Of special importance for the prognosis of patients is the frequently observed vocal fold involvement. Nearly all families that have been reported to date with TRPV4 mutations contained patients with vocal fold dysfunction (Auer-Grumbach et al., 2010; Deng et al., 2010; Landoure et al., 2010). In five out of eight families in our series, vocal fold dysfunction was observed, often unilateral or asymmetric with the left more affected than the right vocal fold (families F1, CMT-456 and CMT-858) and ranging in severity from asymptomatic in patients CMT-456.03 and CMT-858.05 to clear respiratory insufficiency requiring tracheostomy in patient CMT-858.09 (Tables 3 and 5 and Supplementary video fragment). Some patients underwent surgical procedures of the vocal folds (families F1 and CMT-456). Vocal fold involvement is not a typical feature of hereditary neuropathy in general, but it has occasionally been associated with recessive ganglioside-induced differentiation-associated protein 1 (GDAP1) mutations (Sevilla et al., 2003; Stojkovic et al., 2004), dominant early growth response 2 (EGR2) mutation (Pareyson et al., 2000), dynactin 1 (DCTN1) mutation (Puls et al., 2003, 2005), distal HMN type VII linked to chromosome 2q14 (McEntagart et al., 2001) and a few patients with CMT1A duplication (Thomas et al., 1997). In our screening cohort, 5 out of the 14 patients who initially presented with vocal fold paralysis were shown to have a TRPV4 mutation (36%). This indicates that TRPV4 is likely to be a major gene for hereditary neuropathies with vocal fold paralysis. Why the recurrent laryngeal nerve innervating the vocal folds is so vulnerable for the effects of TRPV4 mutations remains unclear at this point. However, the predominant involvement of the left vocal fold could result from length dependency since the left recurrent laryngeal nerve descends around the aortic arch before turning to go up to the larynx, making it much longer than its counterpart on the right.

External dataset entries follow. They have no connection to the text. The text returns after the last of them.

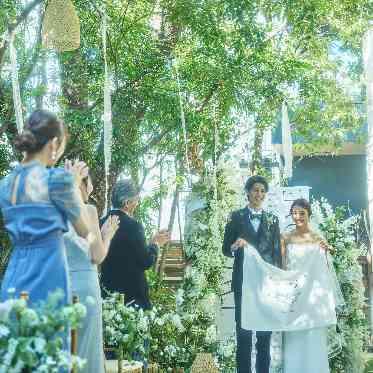 麻布迎賓館/テイクアンドギヴ・ニーズウェディング 緑溢れる空間が広がるガーデン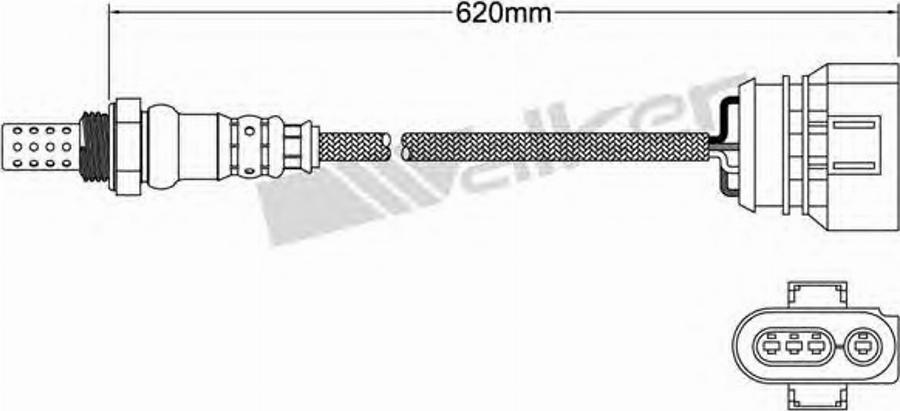 Walker 25024395 - Sonde lambda cwaw.fr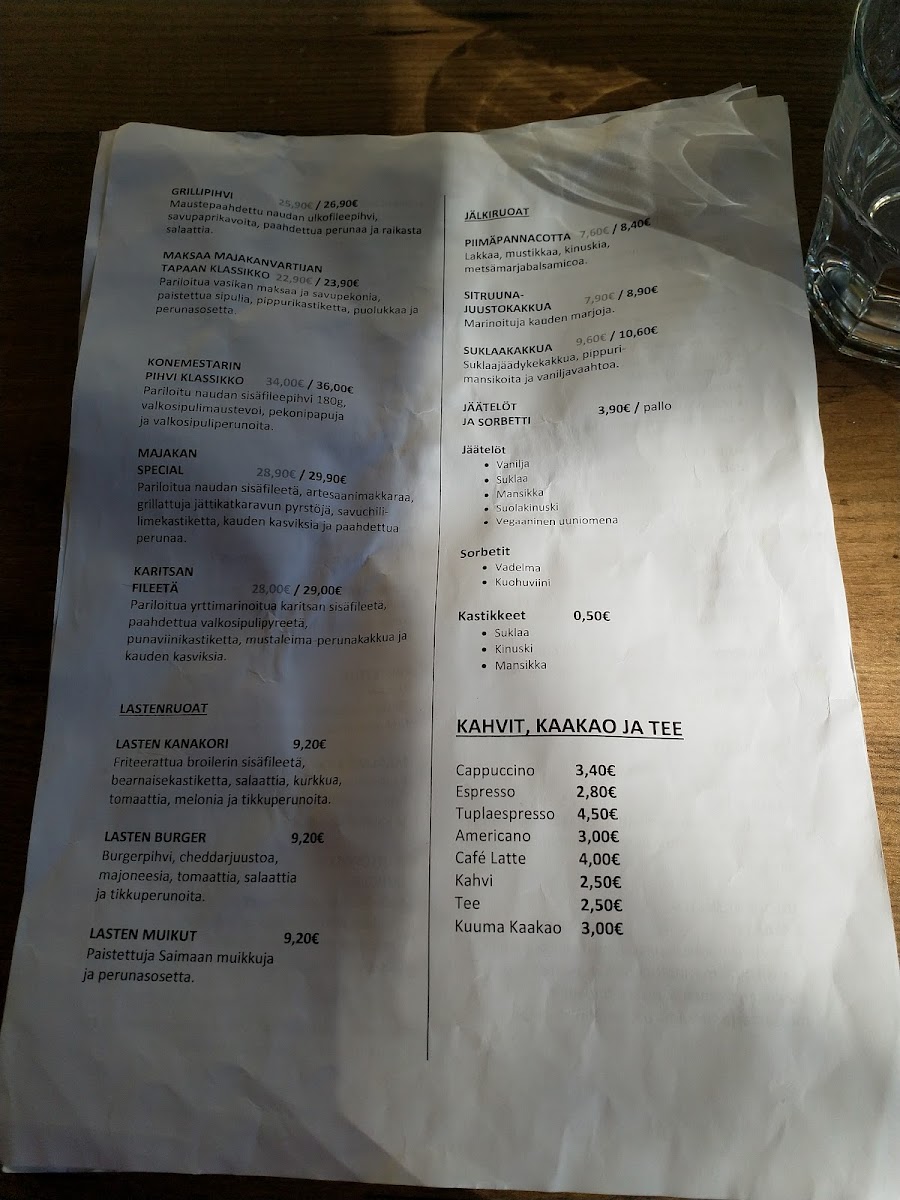 Menu Ravintola Majakka-6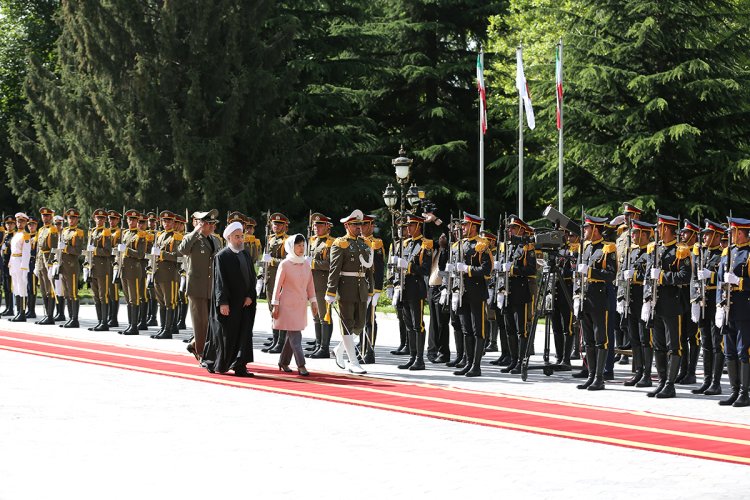 استقبال رسمی دکتر روحانی از رییس جمهوری کره جنوبی 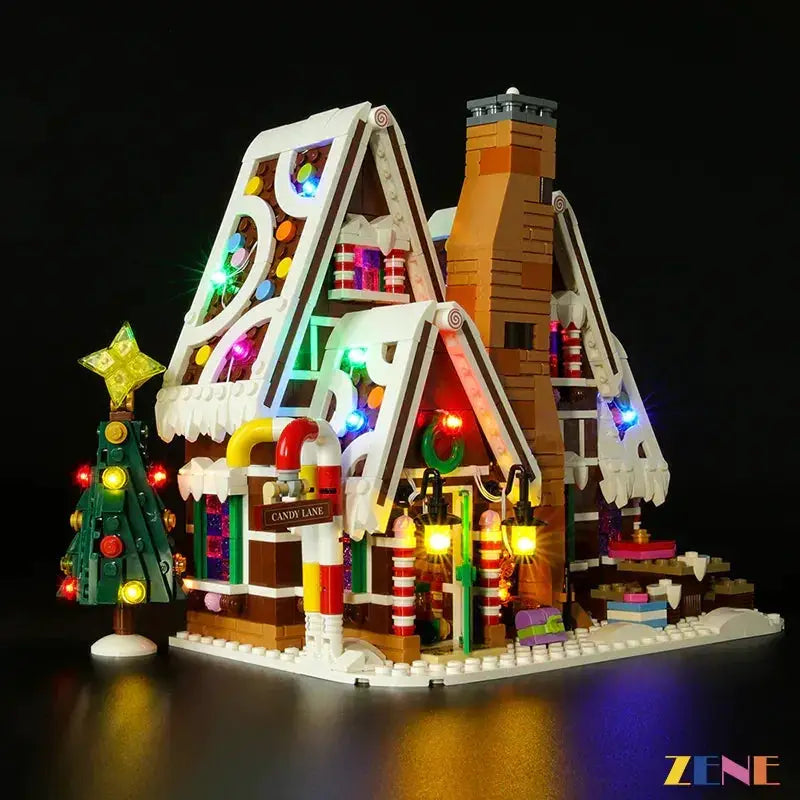 MOC LEGO Gingerbread House 10267 Light Kit With Warm Illumination - ToylandEU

The additional feature of bladder urgency and urinary incontinence was observed in members of family F1 and in patient CMT-858.09. This finding is more commonly seen in the context of spinal cord disorders and autonomic neuropathies, but is highly unusual in the context of hereditary (non-autonomic) neuropathies. Therefore, more patient observations and systematic bladder function studies are needed in order to attribute this feature to the TRPV4 disease spectrum. No other autonomic disturbances were noted in any of the patients.

In the context of the broad phenotypic variability of TRPV4 mutations, special interest goes to patient PN-1394.1 carrying the de novo Val620Ile mutation, which was previously shown to cause autosomal dominant brachyolmia (Rock et al., 2008). None of the TRPV4-associated skeletal dysplasia syndromes are known to feature peripheral neuropathy or other neurological involvement. The skeletal abnormalities in patient PN-1394.1 were obvious but too limited to make a formal diagnosis of a skeletal dysplasia. Particularly the abnormalities of the spine could also be secondary to the longstanding neuropathy as was previously suggested (Auer-Grumbach et al., 2010). None of the more common neuropathy genes were mutated in this individual, making the incidental co-occurrence of a mutation in another neuropathy-associated gene unlikely. Taking the overall variability of TRPV4-associated disorders into account, patient PN-1394.1 may represent an overlap syndrome between skeletal dysplasia and neuropathy. Skeletal abnormalities such as congenital hip dysplasia, scoliosis, small hands and limb shortening have been observed in the scapuloperoneal SMA family with the Arg316Cys mutation (DeLong and Siddique, 1992; Deng et al., 2010). The authors already suggested a TRPV4 disease spectrum encompassing both peripheral neuropathy and skeletal dysplasia (Deng et al., 2010). Our patient PN-1394.1 might be a first confirmation of this intriguing hypothesis.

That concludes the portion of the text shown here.